(Source data)
------------

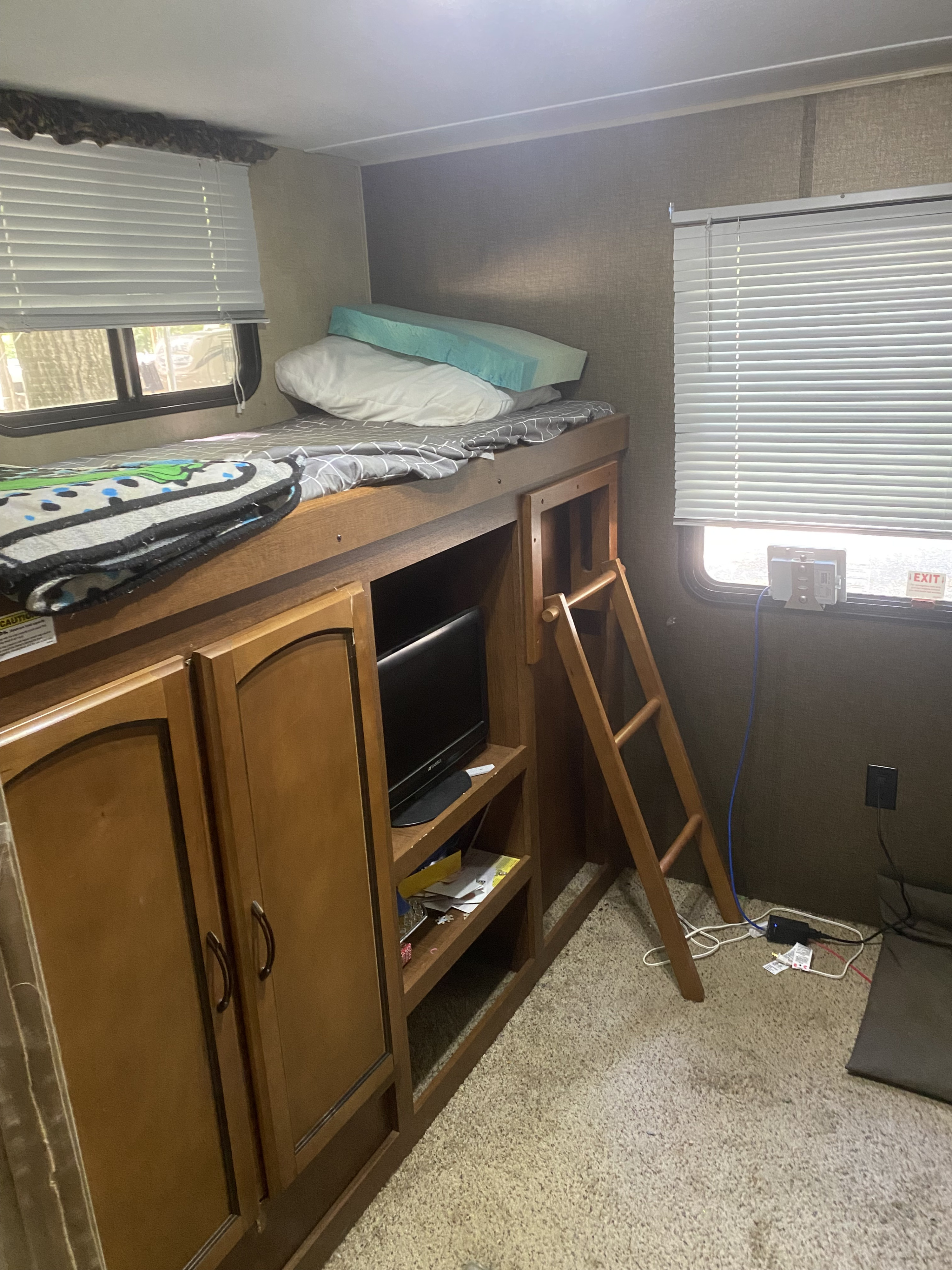 Cozy RV rental bunk bed setup with integrated storage, TV, and ladder. Ideal sleeping area for campers.. Keystone RV Summerland 2015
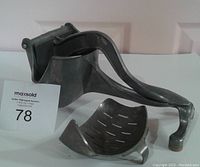 Side view of cast aluminum citrus juicer showing lever press, juicing cup, and overall shape.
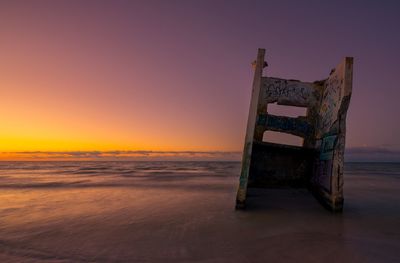 Scenic view of beach at sunset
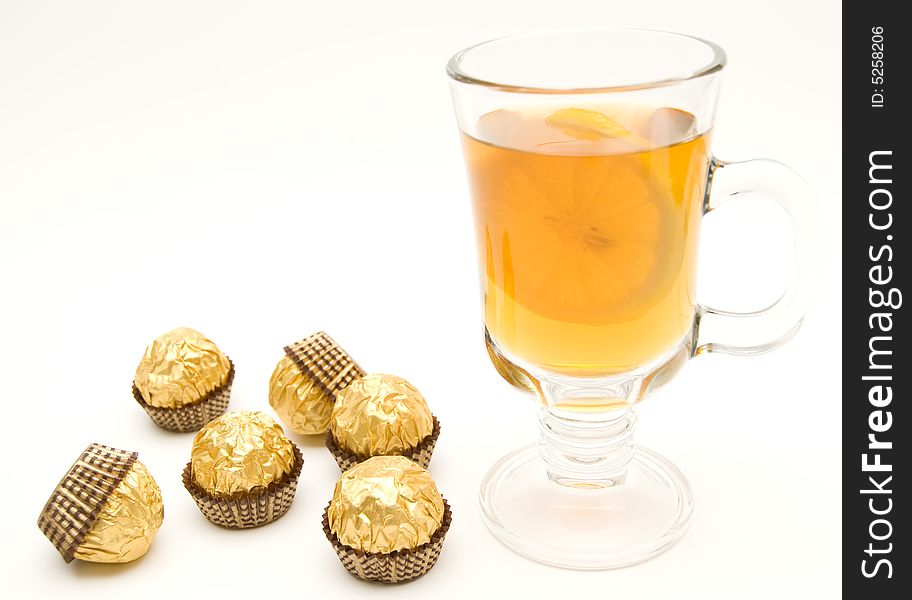 Tea with a lemon in glass chake and candies.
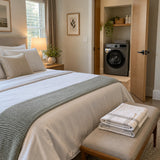 Freshly laundered guest-room bed linen with the Luxell front-load washing machine visible in the adjoining laundry cupboard.
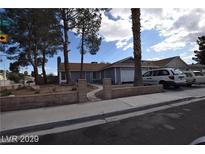 Charming single-story home with a well-manicured front yard and a two-car garage in a residential neighborhood at 5901 Oceanside Way, Las Vegas, NV 89108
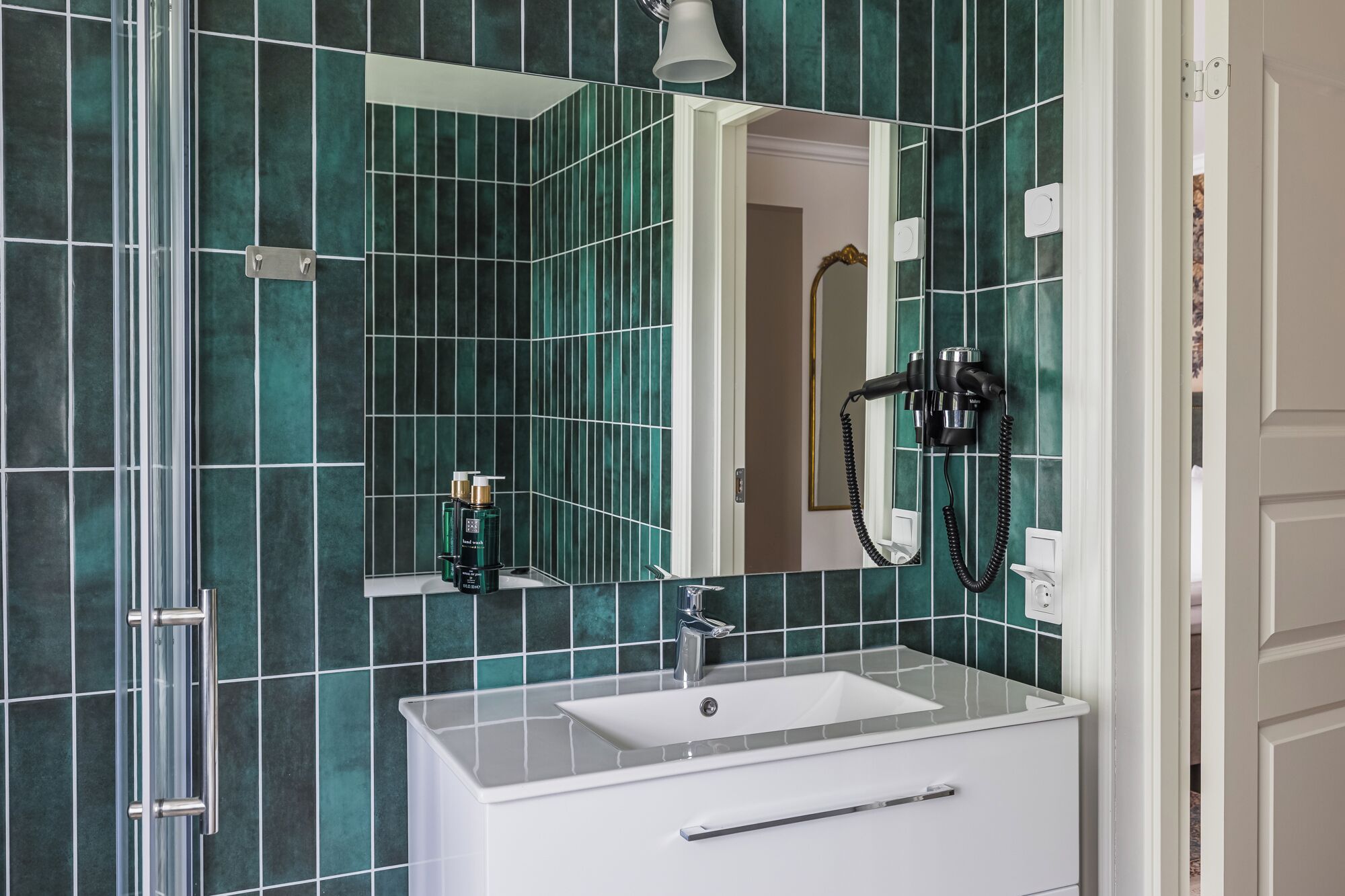 Een badkamer met een wit wastafel, een spiegel en een haardroger bevestigd aan de muur.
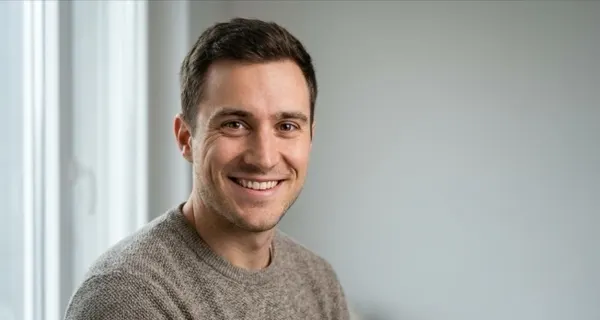 Example lead photo: smiling man in soft window light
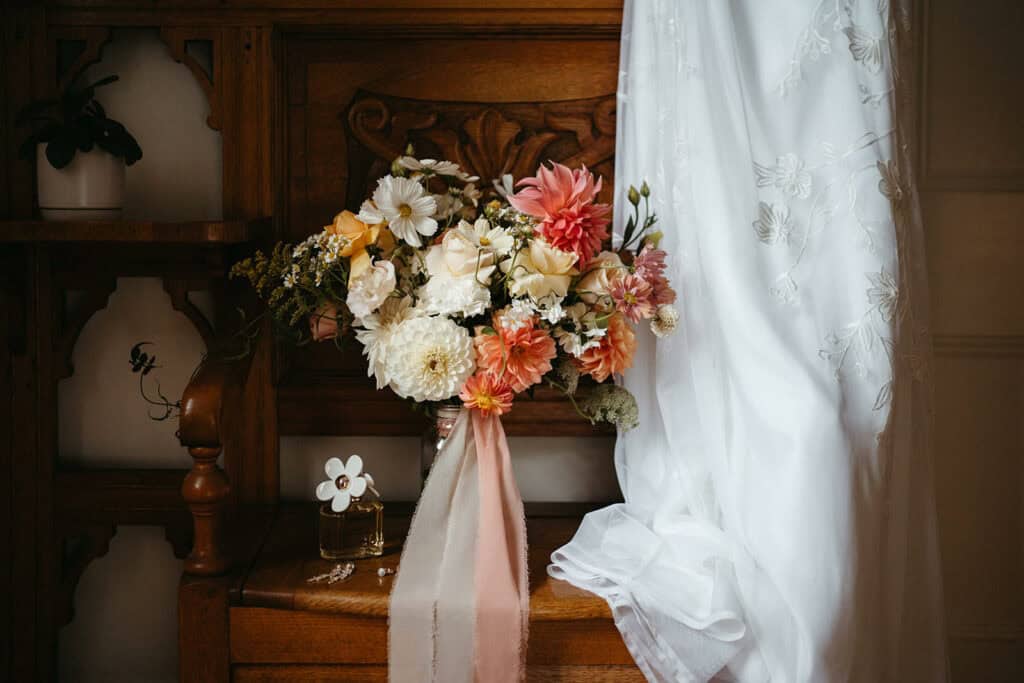 wedding flowers oranges and creams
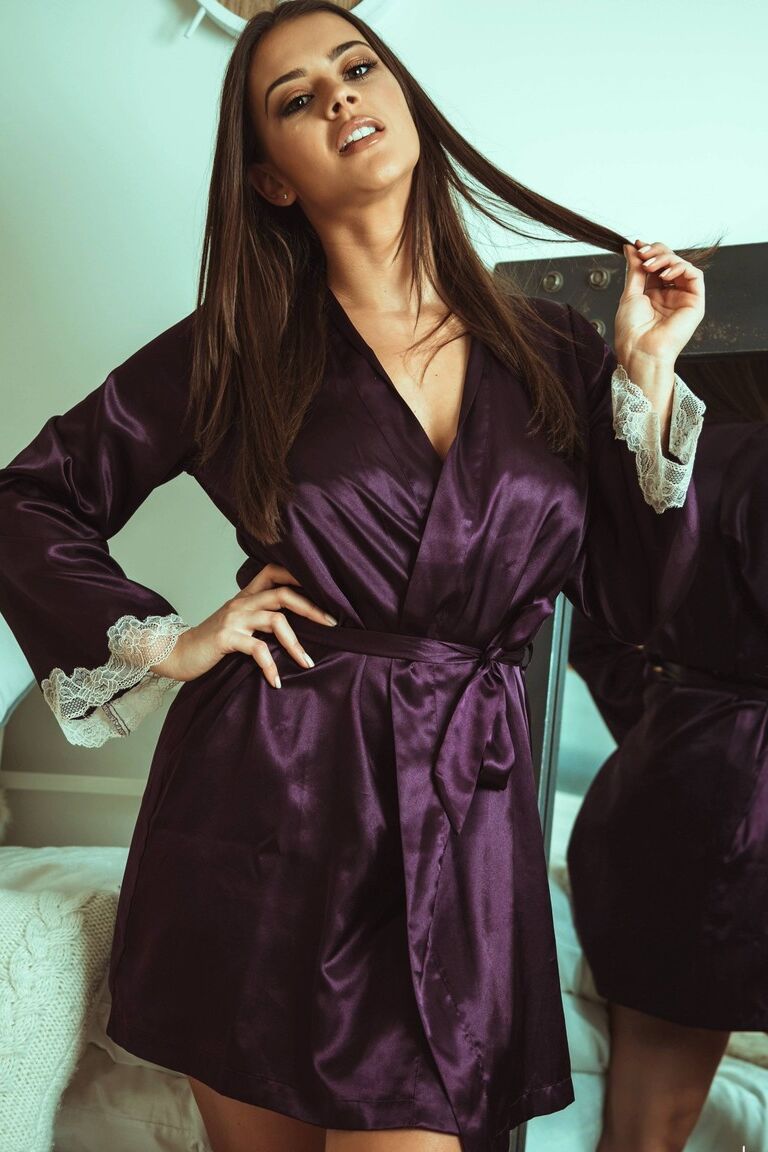 12P British beauty Brook Wright removes a satin robe to get naked on her bed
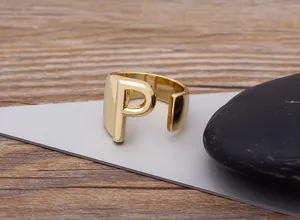 Close-up detail of the gold-plated open ring featuring a bold letter P design on a modern display.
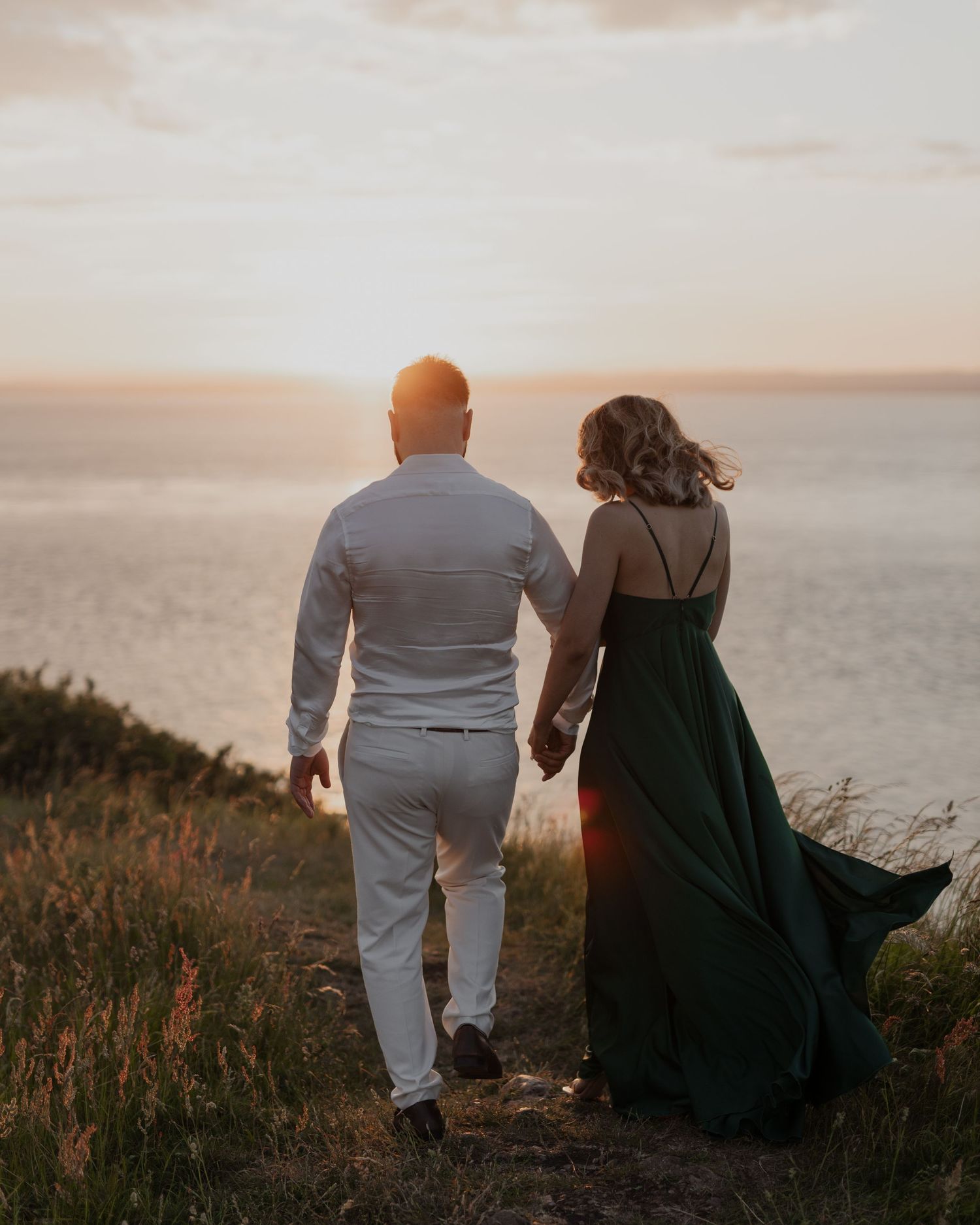 Inda and Sandie pre-wedding portraits – couple walking hand in hand toward golden ocean sunset, woman in flowing green gown, cinematic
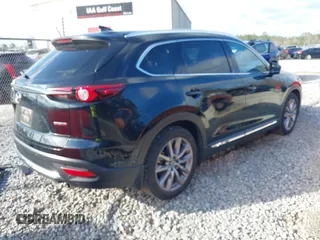2022 Mazda CX-9 Grand Touring with VIN JM3TCBDY0N0612438, listed as a IAAI auction lot 41485756 with 42,476 mi miles. Bid and sale history available at carsss.com. Image 4.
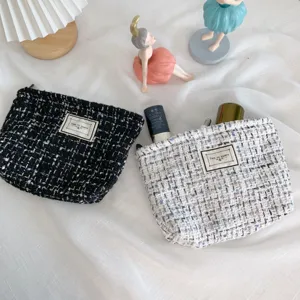 Tweed cosmetic bag for women, stylish portable travel makeup pouch, large capacity organizer.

------------

Problem description
Exactly the lines starting at the one above with "Side view of" and ending at the one with "wedding flowers oranges and creams" should be printed, and nothing else. Omit the pictures.

Answer to this task
 Side view of cast aluminum citrus juicer showing lever press, juicing cup, and overall shape.
 Scenic view of beach at sunset
 Tea with a lemon in glass chake and candies.
 Freshly laundered guest-room bed linen with the Luxell front-load washing machine visible in the adjoining laundry cupboard.
 Charming single-story home with a well-manicured front yard and a two-car garage in a residential neighborhood at 5901 Oceanside Way, Las Vegas, NV 89108
 Een badkamer met een wit wastafel, een spiegel en een haardroger bevestigd aan de muur.
 Example lead photo: smiling man in soft window light
 wedding flowers oranges and creams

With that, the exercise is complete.